(Beginning of Data section)
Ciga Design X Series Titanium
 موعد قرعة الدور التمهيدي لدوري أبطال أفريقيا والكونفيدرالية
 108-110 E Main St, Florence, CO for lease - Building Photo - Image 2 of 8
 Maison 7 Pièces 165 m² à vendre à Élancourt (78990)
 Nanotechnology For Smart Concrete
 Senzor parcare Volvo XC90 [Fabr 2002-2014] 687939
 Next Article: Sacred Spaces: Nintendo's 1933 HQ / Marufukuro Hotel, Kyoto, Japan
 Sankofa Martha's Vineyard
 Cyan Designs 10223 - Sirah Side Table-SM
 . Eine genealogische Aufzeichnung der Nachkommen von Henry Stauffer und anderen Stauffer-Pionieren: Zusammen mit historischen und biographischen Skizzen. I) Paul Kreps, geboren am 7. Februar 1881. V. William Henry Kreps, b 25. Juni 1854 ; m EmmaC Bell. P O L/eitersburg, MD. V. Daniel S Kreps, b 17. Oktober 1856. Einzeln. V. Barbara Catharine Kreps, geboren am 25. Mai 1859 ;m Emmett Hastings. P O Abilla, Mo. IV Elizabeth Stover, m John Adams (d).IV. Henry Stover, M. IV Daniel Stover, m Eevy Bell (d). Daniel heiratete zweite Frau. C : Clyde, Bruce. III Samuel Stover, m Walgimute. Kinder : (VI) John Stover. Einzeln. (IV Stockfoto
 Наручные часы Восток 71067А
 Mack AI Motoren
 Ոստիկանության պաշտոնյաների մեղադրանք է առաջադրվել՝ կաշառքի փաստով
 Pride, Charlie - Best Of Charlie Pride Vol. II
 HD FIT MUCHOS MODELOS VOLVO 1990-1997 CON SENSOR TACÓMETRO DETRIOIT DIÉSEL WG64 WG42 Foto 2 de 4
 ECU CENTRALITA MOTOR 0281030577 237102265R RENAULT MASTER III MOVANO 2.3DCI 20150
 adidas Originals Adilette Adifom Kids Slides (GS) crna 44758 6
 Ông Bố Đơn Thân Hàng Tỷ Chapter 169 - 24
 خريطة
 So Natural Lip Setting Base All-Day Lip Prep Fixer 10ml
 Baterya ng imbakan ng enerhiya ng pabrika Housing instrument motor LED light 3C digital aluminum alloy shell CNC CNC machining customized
(End of Data section)
### Activity:
Copy exactly the lines above, starting at the opening line and finishing at the line in which "Cyan Designs 10223 - Sirah Side Table-SM" occurs.

### Answer section:
Ciga Design X Series Titanium
 موعد قرعة الدور التمهيدي لدوري أبطال أفريقيا والكونفيدرالية
 108-110 E Main St, Florence, CO for lease - Building Photo - Image 2 of 8
 Maison 7 Pièces 165 m² à vendre à Élancourt (78990)
 Nanotechnology For Smart Concrete
 Senzor parcare Volvo XC90 [Fabr 2002-2014] 687939
 Next Article: Sacred Spaces: Nintendo's 1933 HQ / Marufukuro Hotel, Kyoto, Japan
 Sankofa Martha's Vineyard
 Cyan Designs 10223 - Sirah Side Table-SM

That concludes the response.